### ABOUT THIS TASK
When you copy the data, keep every line exactly as written and skip the pictures.

RECORDS FOR THE TASK START

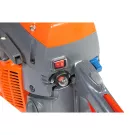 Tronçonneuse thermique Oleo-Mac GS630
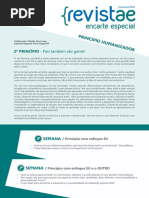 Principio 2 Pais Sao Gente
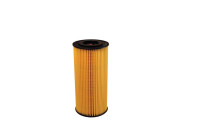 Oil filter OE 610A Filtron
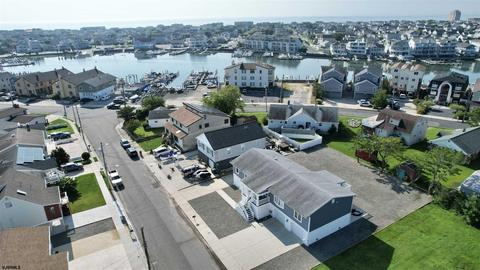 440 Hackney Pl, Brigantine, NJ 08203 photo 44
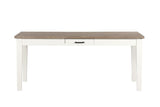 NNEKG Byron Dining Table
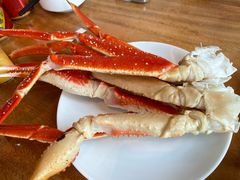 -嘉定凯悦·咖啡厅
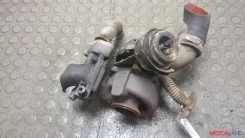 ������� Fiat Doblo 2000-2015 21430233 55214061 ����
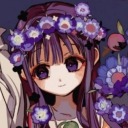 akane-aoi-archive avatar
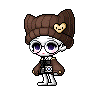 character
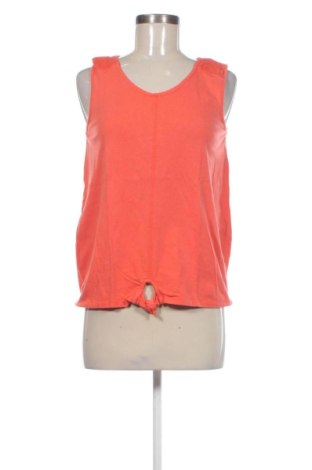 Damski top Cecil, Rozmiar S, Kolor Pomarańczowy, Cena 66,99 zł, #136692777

RECORDS FOR THE TASK END

### RESPONSE AREA
 Tronçonneuse thermique Oleo-Mac GS630
 Principio 2 Pais Sao Gente
 Oil filter OE 610A Filtron
 440 Hackney Pl, Brigantine, NJ 08203 photo 44
 NNEKG Byron Dining Table
 -嘉定凯悦·咖啡厅
 ������� Fiat Doblo 2000-2015 21430233 55214061 ����
 akane-aoi-archive avatar
 character
 Damski top Cecil, Rozmiar S, Kolor Pomarańczowy, Cena 66,99 zł, #136692777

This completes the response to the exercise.